The Characterization of Structure and Prediction for Aquaporin in Tumour Progression by Machine Learning

Zheng Chen; Shihu Jiao; Da Zhao; Quan Zou; Lei Xu; Lijun Zhang; Xi Su

doi:10.3389/fcell.2022.845622

The Characterization of Structure and Prediction for Aquaporin in Tumour Progression by Machine Learning

Front Cell Dev Biol. 2022 Feb 1:10:845622. doi: 10.3389/fcell.2022.845622. eCollection 2022.

Authors

Zheng Chen^{1

2}, Shihu Jiao³, Da Zhao^{1

2}, Quan Zou^{2

3}, Lei Xu⁴, Lijun Zhang¹, Xi Su⁵

Affiliations

¹ School of Applied Chemistry and Biological Technology, Shenzhen Polytechnic, Shenzhen, China.
² Institute of Fundamental and Frontier Sciences, University of Electronic Science and Technology of China, Chengdu, China.
³ Yangtze Delta Region Institute (Quzhou), University of Electronic Science and Technology of China, Quzhou, China.
⁴ School of Electronic and Communication Engineering, Shenzhen Polytechnic, Shenzhen, China.
⁵ Foshan Maternal and Child Health Hospital, Foshan, China.

Abstract

Recurrence and new cases of cancer constitute a challenging human health problem.
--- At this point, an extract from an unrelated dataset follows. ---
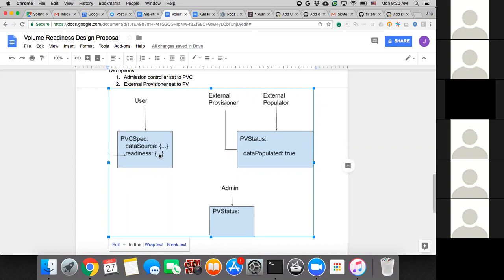That makes total sense to me. I was kind of trying to get my head wrapped around the PV example you have, and having data populated true being reported on the PV. Because an external provisioner - well, not necessarily - an external provisioner or an external populator most likely is going to utilize a PVC. It would have to do a claim in order to populate that volume, right? So it seems kind of redundant, but there may be cases I'm not thinking of.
Aquaporins (AQPs) can be expressed in many types of tumours, including the brain, breast, pancreas, colon, skin, ovaries, and lungs, and the histological grade of cancer is positively correlated with AQP expression. Therefore, the identification of aquaporins is an area to explore. Computational tools play an important role in aquaporin identification. In this research, we propose reliable, accurate and automated sequence predictor iAQPs-RF to identify AQPs. In this study, the feature extraction method was 188D (global protein sequence descriptor, GPSD). Six common classifiers, including random forest (RF), NaiveBayes (NB), support vector machine (SVM), XGBoost, logistic regression (LR) and decision tree (DT), were used for AQP classification. The classification results show that the random forest (RF) algorithm is the most suitable machine learning algorithm, and the accuracy was 97.689%. Analysis of Variance (ANOVA) was used to analyse these characteristics. Feature rank based on the ANOVA method and IFS strategy was applied to search for the optimal features. The classification results suggest that the 26th feature (neutral/hydrophobic) and 21st feature (hydrophobic) are the two most powerful and informative features that distinguish AQPs from non-AQPs. Previous studies reported that plasma membrane proteins have hydrophobic characteristics. Aquaporin subcellular localization prediction showed that all aquaporins were plasma membrane proteins with highly conserved transmembrane structures. In addition, the 3D structure of aquaporins was consistent with the localization results. Therefore, these studies confirmed that aquaporins possess hydrophobic properties. Although aquaporins are highly conserved transmembrane structures, the phylogenetic tree shows the diversity of aquaporins during evolution. The PCA showed that positive and negative samples were well separated by 54D features, indicating that the 54D feature can effectively classify aquaporins. The online prediction server is accessible at http://lab.malab.cn/∼acy/iAQP.

Keywords: 3D structure; anova; cancer; machine learning; random forest.